Monday, March 12, 2007

Book Recommendation



Recently I wrote to support Donald L. Empson’s book The Street Where You Live: A Guide to the Place Names of St. Paul for a 2006 Award of Merit from the American Association for State and Local History. As the Acquisition Librarian at the Minnesota Historical Society for the past 28 years, I am very familiar with works of local history and Empson’s work is one of the most interesting, informative, and entertaining books I have read in a long time.
In December of 1974 Empson began a daily column in the St. Paul Dispatch with the title “The Street Where You Live”. Based on these columns and the author’s work as a reference librarian at the Minnesota Historical Society, the first edition of this history was published by Empson’s vanity press the Witsend in 1975. The subtitle of the first edition (A Guide to the Street Names of St. Paul) points out its more limited scope. When the author was approached by the University of Minnesota Press to reprint the local gazetteer, Empson suggested expanding the subject to all St. Paul place names. The result of those additions was an additional 141 pages, much more history, and a more useful reference tool. The new edition also integrates appropriate photographs and sidebars. One such sidebar on the paving of the city streets is titled “The Bedraggled Harlot” referring to an 1882 article in the St. Paul Pioneer Press.
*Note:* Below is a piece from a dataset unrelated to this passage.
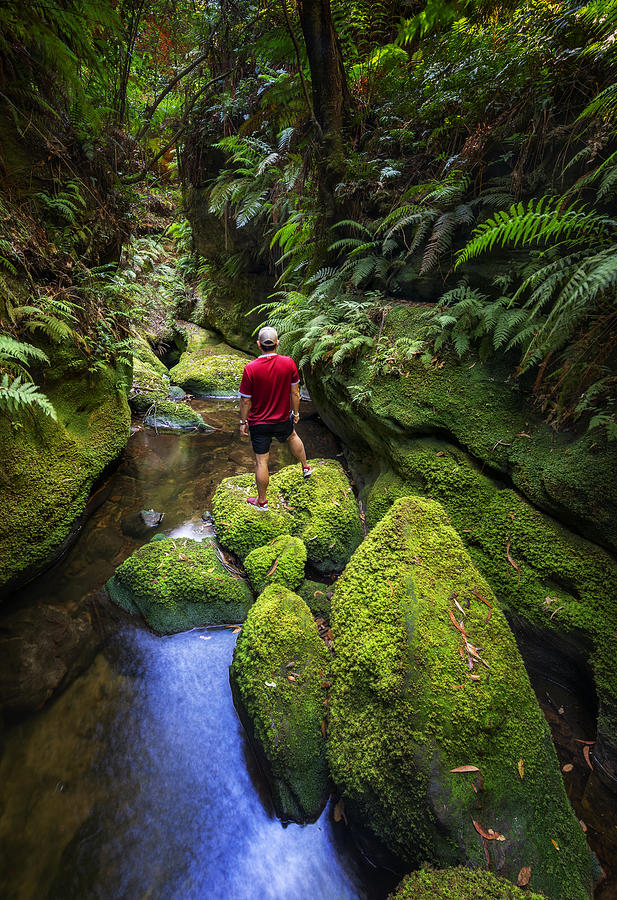 Solo traveler in deep green forest of Blue Mountains national park Photograph by Leelakajonkij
The first edition was quickly out of print but had gained a cult following. I, for one, bought every copy I came across and gave them away to ignorant Minneapolitans and Saint Paul chauvinists. Saint Paulites will long remember former Governor Jesse Ventura on the David Letterman show, miming a habitual tippler and stating that the Irish laid out the streets of our saintly city. True, the city isn’t a grid of ABCs and 123s, but therein lays the eccentric and wonderful history of this town that this book captures so well.
Empson understands the importance of local history which, as he states in his preface, “provides a context for the space around our lives: it gives us a perspective on who we are and how we relate to those who lived here before us and those who will occupy our house and place in the next generation”. He provides that context by telling us about the people behind the names that we come across all day every day. The entry for McMurray Field, for example, tells us not only who McMurray was but about how the civic philanthropy of William McMurray left him broke and quotes him saying “I guess I was just in business for the fun of it anyway”.
The Street Where You Live surprises the reader in that it is full of the author’s personality. Where facts alone would normally suffice we are given opinion [under the entry for Bruce Vento Nature Sanctuary we are told that Congressman Vento “… found it difficult to put a period to his rambling sentences”], poetry [the entry for Larry Ho Drive quotes a poem by Mayor Larry Hodgson about St. Paul’s most famous madam, Nina Clifford. “No longer do gay lights their welcome convey/ Inviting the wayfarer in/ To choose from the bevy, his favorite lay/ To dally a while and sin.], and humor [“While we would all agree Mother Teresa was a laudable woman, the local significance of the name escapes us” or Zimmerman Place is “noteworthy as the only entry in this book beginning with the letter Z”].
My only complaint about the book is that when it is sitting out in plain view there is a subconscious inclination to walk around humming the Loewe and Learner tune of the same title. For you bratz under 40, that is from the Broadway musical My Fair Lady based on the Shaw play Pygmalion.
I recommend The Street Where You Live to you as well as to the AASLH. It is a must have reference work for anyone interested in the history of St. Paul, Minnesota.